ACTIVITY: Given the entries below, would you transcribe exactly the lines starting at the one with "Corning Cell Culture" and ending at the one with "Nautical vector illustration", both kept, pictures omitted, nothing extra?

MATERIAL FOR THIS EXERCISE:
----------------
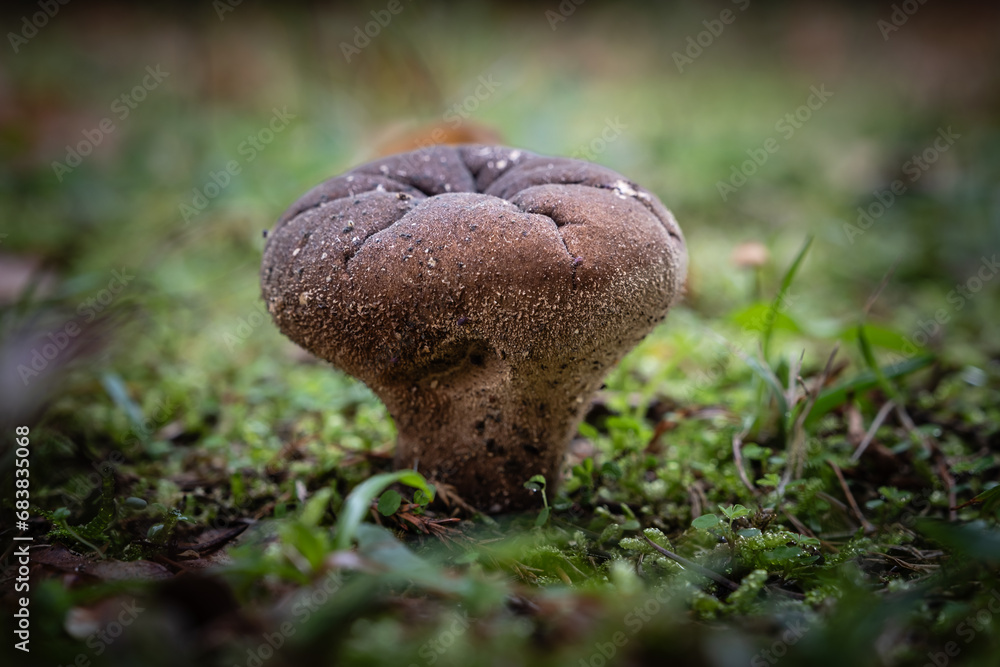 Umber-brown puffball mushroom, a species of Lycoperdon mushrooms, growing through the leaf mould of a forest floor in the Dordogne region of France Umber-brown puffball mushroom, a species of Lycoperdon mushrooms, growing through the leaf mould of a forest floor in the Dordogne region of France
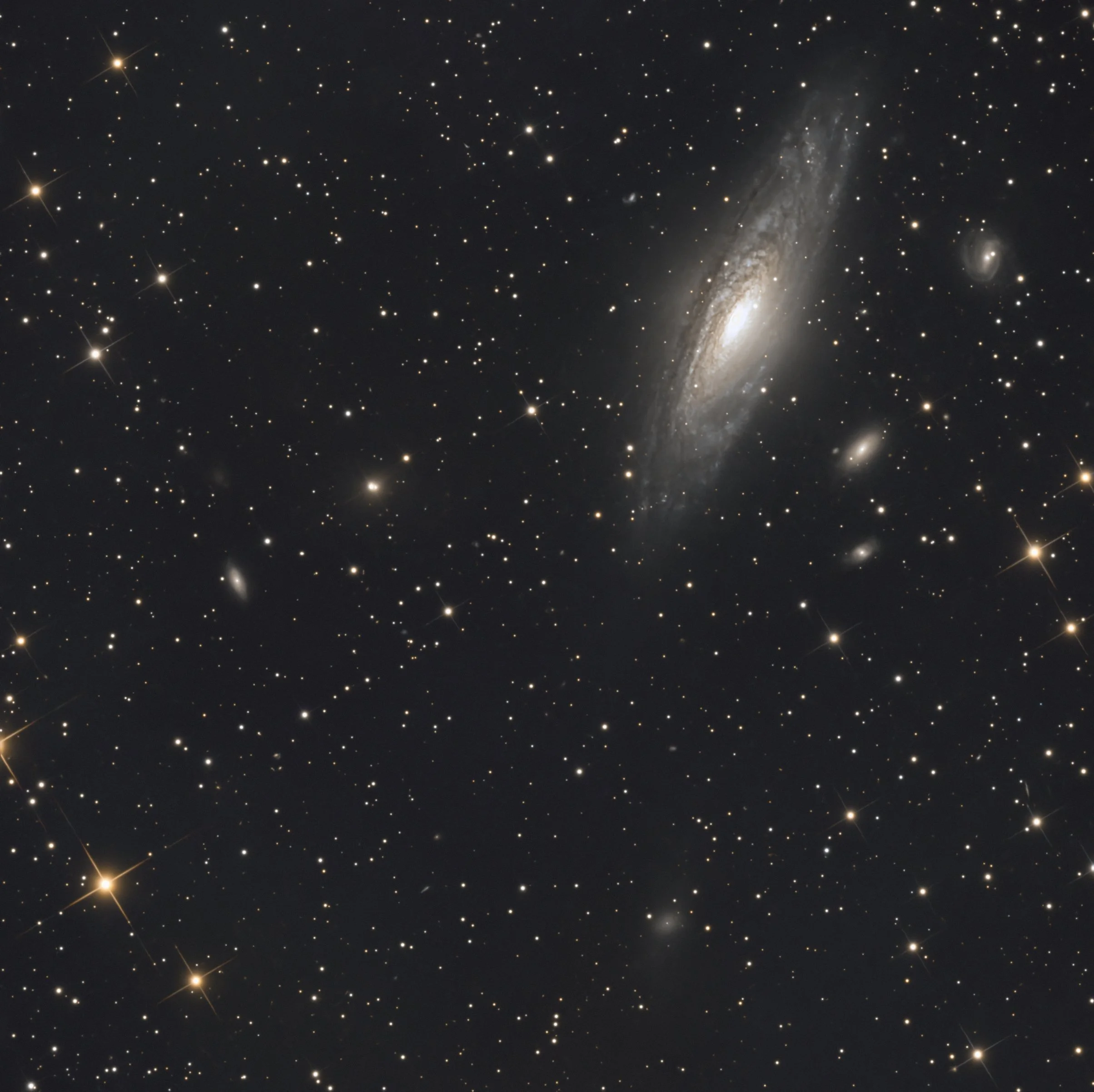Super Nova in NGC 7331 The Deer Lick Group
----------------
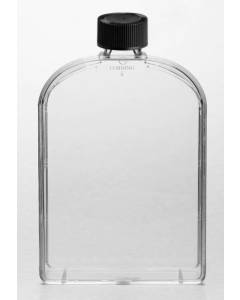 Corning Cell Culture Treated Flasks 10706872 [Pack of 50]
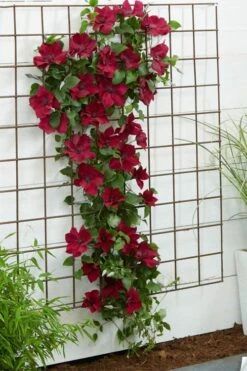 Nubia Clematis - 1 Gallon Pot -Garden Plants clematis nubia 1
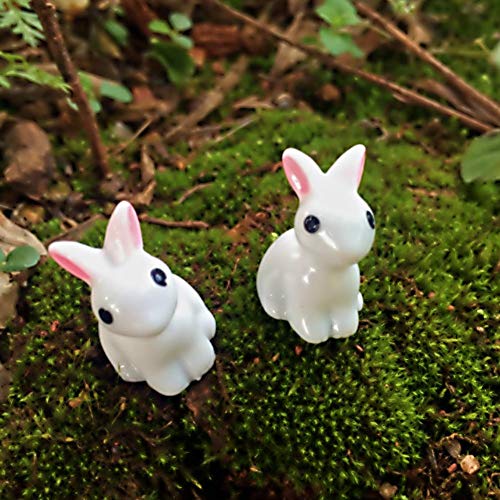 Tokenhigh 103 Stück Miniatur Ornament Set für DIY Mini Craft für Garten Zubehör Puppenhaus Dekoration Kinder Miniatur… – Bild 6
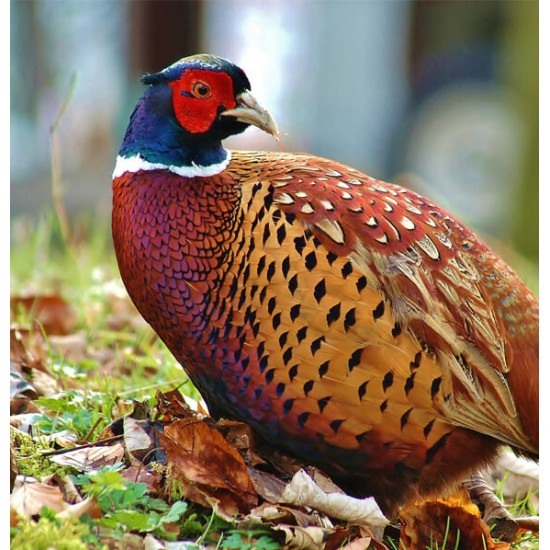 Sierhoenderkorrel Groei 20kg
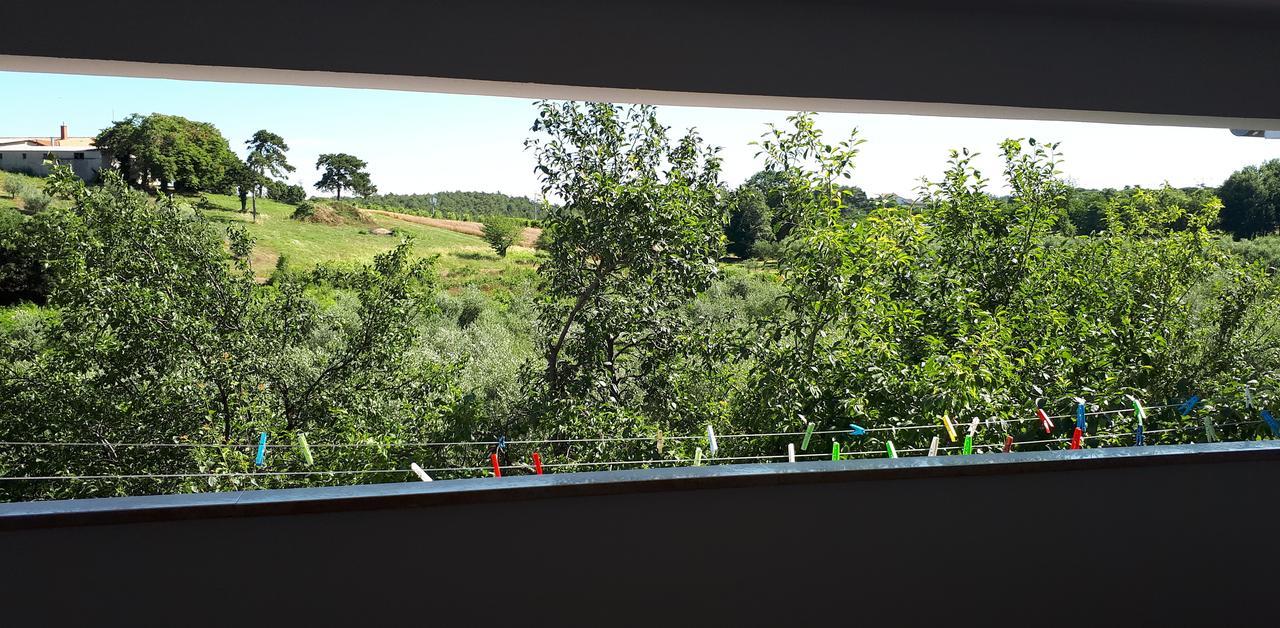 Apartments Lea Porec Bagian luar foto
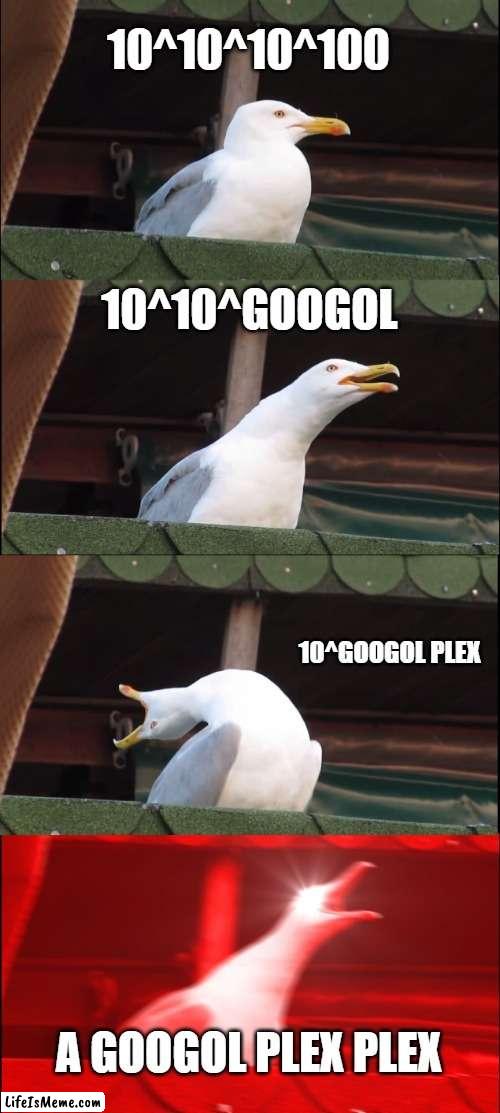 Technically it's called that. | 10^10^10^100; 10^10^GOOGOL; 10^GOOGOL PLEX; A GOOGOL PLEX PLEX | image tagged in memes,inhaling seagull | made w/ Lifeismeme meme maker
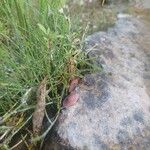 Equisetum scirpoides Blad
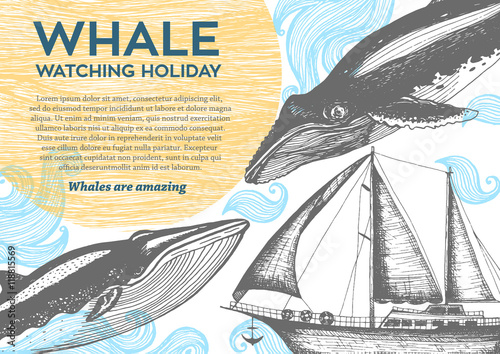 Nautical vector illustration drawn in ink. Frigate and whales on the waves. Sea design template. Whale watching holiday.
----------------
EXERCISE ANSWER:
 Corning Cell Culture Treated Flasks 10706872 [Pack of 50]
 Nubia Clematis - 1 Gallon Pot -Garden Plants clematis nubia 1
 Tokenhigh 103 Stück Miniatur Ornament Set für DIY Mini Craft für Garten Zubehör Puppenhaus Dekoration Kinder Miniatur… – Bild 6
 Sierhoenderkorrel Groei 20kg
 Apartments Lea Porec Bagian luar foto
 Technically it's called that. | 10^10^10^100; 10^10^GOOGOL; 10^GOOGOL PLEX; A GOOGOL PLEX PLEX | image tagged in memes,inhaling seagull | made w/ Lifeismeme meme maker
 Equisetum scirpoides Blad
 Nautical vector illustration drawn in ink. Frigate and whales on the waves. Sea design template. Whale watching holiday.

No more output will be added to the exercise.